Vishnu’s preparation involved spending his spare hours in a deserted room in an effort to internalise a feeling of discomfort. “We started off the shoot in this particularly small room, which is my character’s room in the movie,” he said. “All the four walls in the room had photos and details of all the psychopaths from the world. I used to sit in the room for hours even during break time to experience that discomfort.”
Like Arun in the film, Vishnu’s career choice was accidental. The 34-year-old actor was once a professional cricketer playing for Tamil Nadu with dreams of joining the national team. However, Vishnu’s dream was cut short by an injury, after which he found his calling in acting after some persuasion from his family.

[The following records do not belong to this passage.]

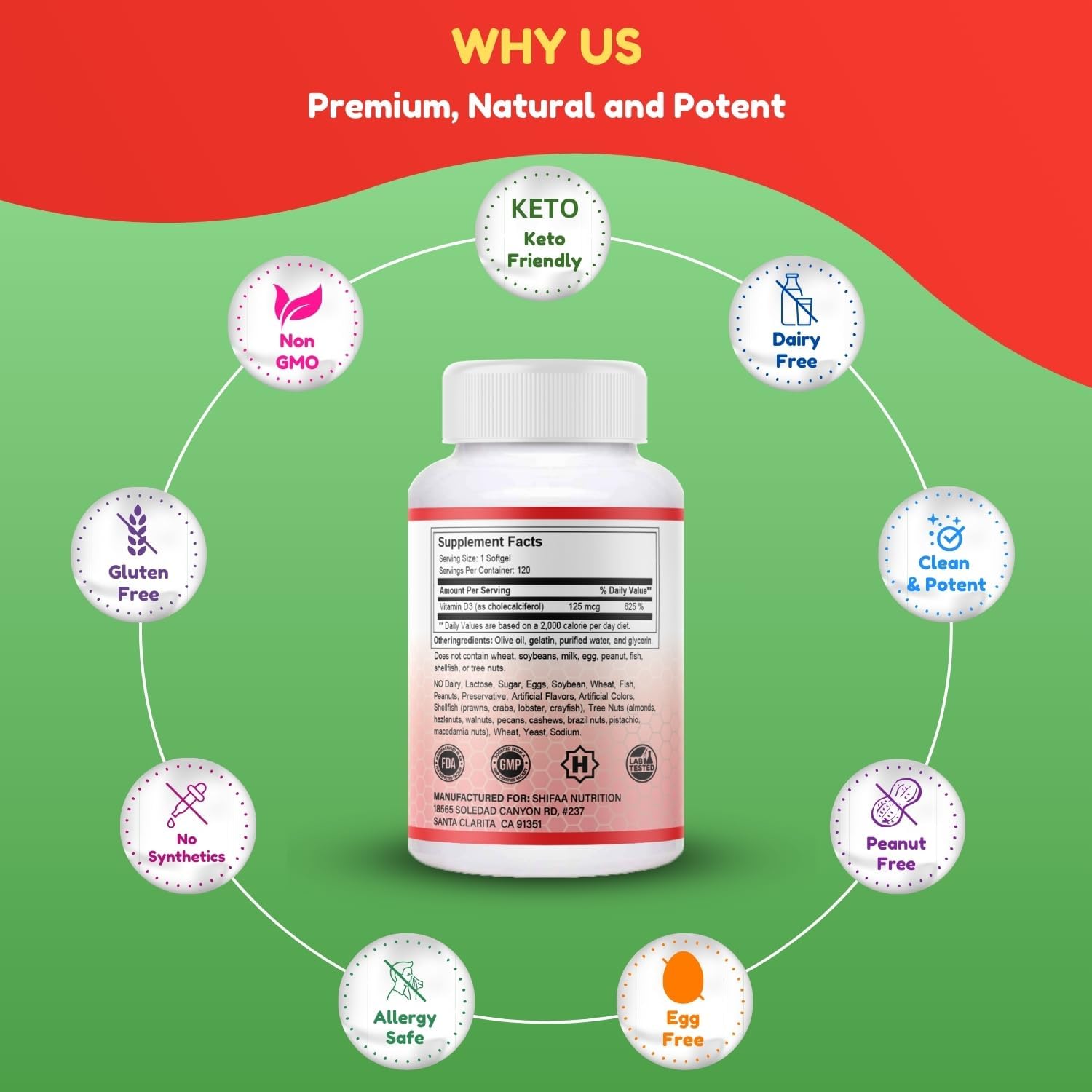 SHIFAA NUTRITION Halal Vitamin D3 5000 IU Softgels - 120 Capsules - görsel 5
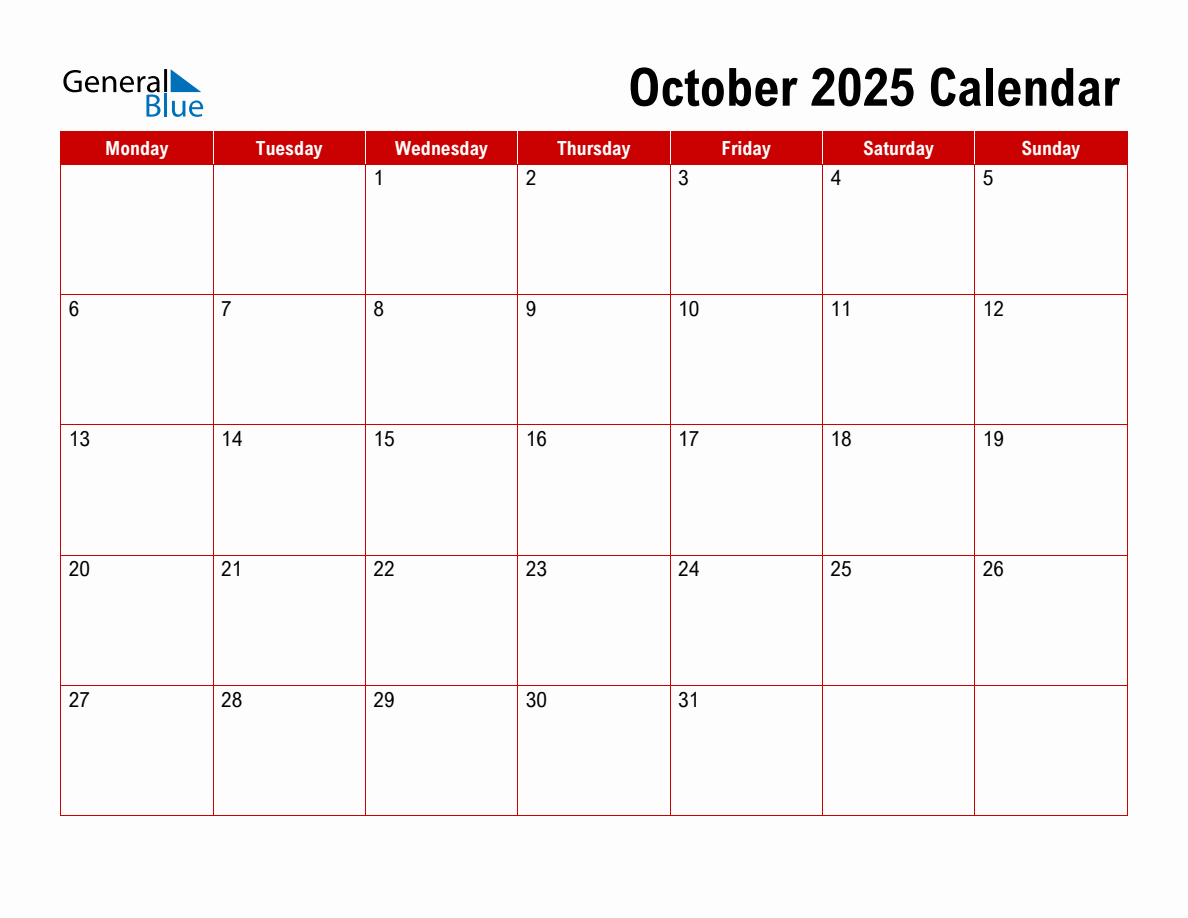 Basic Monthly Calendar October 2025
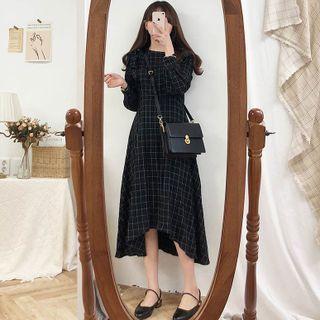 Long-sleeve Plaid Asymmetrical A-line Dress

“I am not from a film background, so I never knew I was going to end up in films,” Vishnu said. “You give me a cricket bat and I will play anywhere in the world. But in those few months I was bedridden, I took an interest in cinema as I spent my time watching a lot of movies.”
The actor rose to fame with his debut in Suseenthiran’s Vennila Kabadi Kuzhu (2009), in which he played Marimuthu, a spirited kabbadi player in a small town in Tamil Nadu. After a few box office duds, more roles in multi-starrers followed, including Ramkumar’s Mundasupatti (2014) and Indru Netru Naalai (2015).
This was when the actor realised that it was time to pick more character-heavy roles. “It was time to change gears,” Vishnu said. “If I was going to continue the same pattern, I was going to be stuck. So I took my first step with Kathanayagan [the 2017 film]. Even though it did not work, that was my first film in a lead role and it gave me confidence. Ratsasan too was a conscious decision to take up films that let me perform more.”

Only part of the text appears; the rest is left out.